This is a really hard review to write. Overall, I liked the book, but it is kind of hard to put into words what I did and did not like. 

I found the book interesting enough. The story was unique in it's overall arch, although it utilized a lot of not-so-creative story concepts (the cheating husband, grumpy old guy who knows sorrow, accidental pregnancy). It was full of overused plot devises, which was annoying, but they were put together in an interesting way. 

It's not that I didn't like the book, but to me it just didn't live up to the hype. That's the problem with books that become really popular. You start getting unrealistic expectations and the thing itself just can't compete. The book was in no way bad, but it felt surprisingly slow-paced despite all of the interesting concepts. 

I did like the focus on short stories and A.J.'s recommendations of them to Maya. I think it was an interesting way to structure the novel by having A.J.'s notes on the story to open each chapter. 

Having said that, it felt like it was trying too hard to appeal to book-lovers. At first it was kind of cool for The Book Thief recommendation to pop up or for Maya to be holding Where the Wild Things Are, but after a while all of the literary references felt strained. Mostly, I just wanted to get on with the story. I absolutely love books, but I don't want to necessarily read a book about how much other people love books. Sometimes it works, such as when fictional, non-existent books are mentioned (The Series of Unfortunate Events) or if real books are used, to have them further the plot of the story (Book Scavenger). This one just kind of made a lot of tangents to discuss books when what I really wanted was to continue the plot and hear the story of this book. 

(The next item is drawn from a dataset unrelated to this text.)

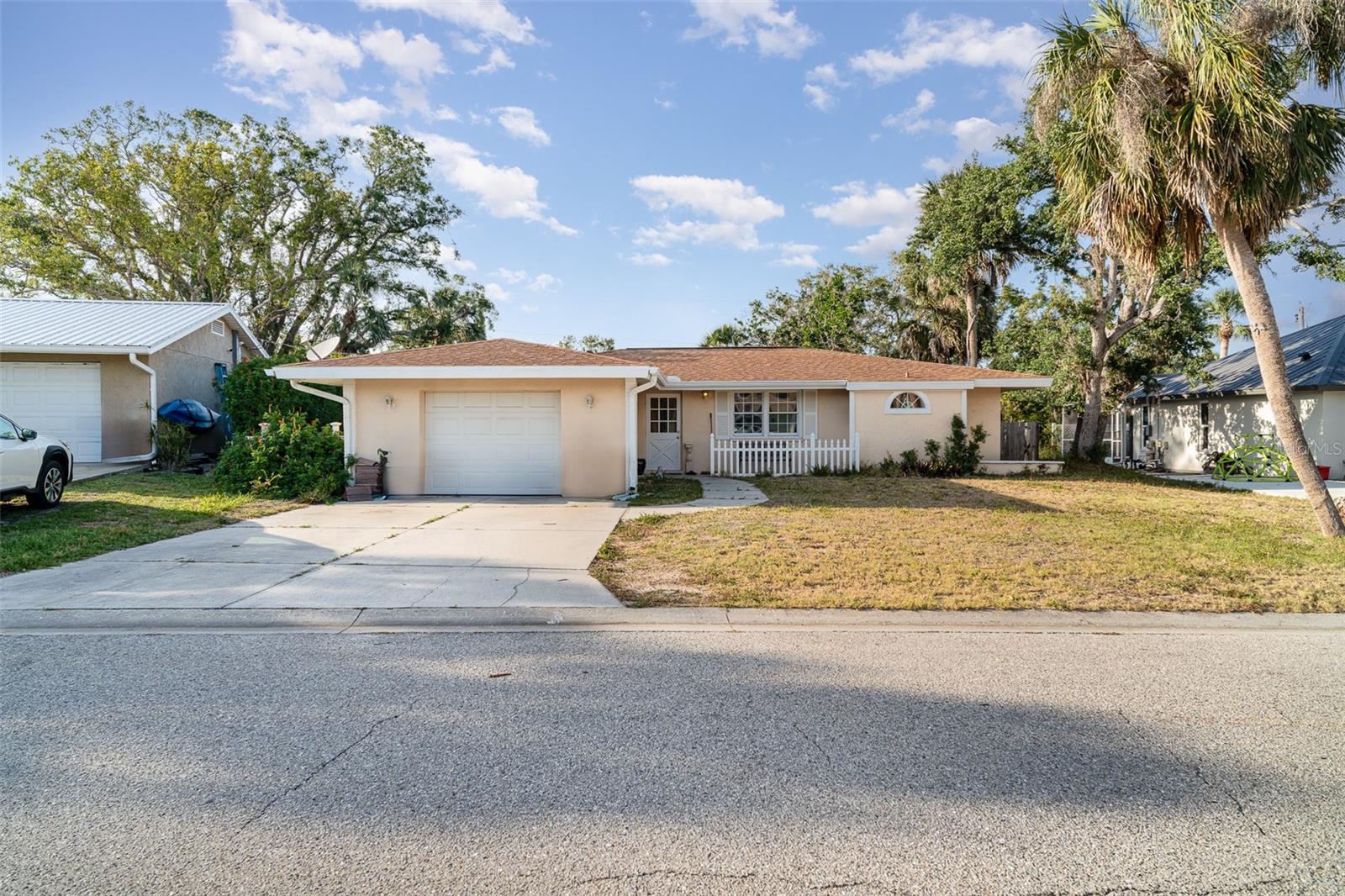 Details for 504 Casas Bonitas Drive, NOKOMIS, FL 34275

I think for the most part, I just didn't care about a lot of the characters. Most of them just kind of floated from page to page, letting things happen to them. Tamerlane is stolen. Maya just shows up. Things happen, because that's the way they're written. It felt more like the characters let things happen rather than the characters actually doing anything. 

Also, the characters are annoying woven together. The cast is surprisingly small and they are all connected. I get it's set on an island and it's a symbol for how A.J. isolates himself and all that, but I got tired of hearing about the same characters over and over again. I longed for some side character to pop up for a bit. 

There's a bit of a twist near the end, which was interesting, but I don't think it was enough to "save" the rest of the book. By the end, I was just irritated by the annoying way that everything came together so perfectly and obviously. I wanted something to not work out quite right. But every piece has its place and the tight-knit group of characters stays tight-knit until the end.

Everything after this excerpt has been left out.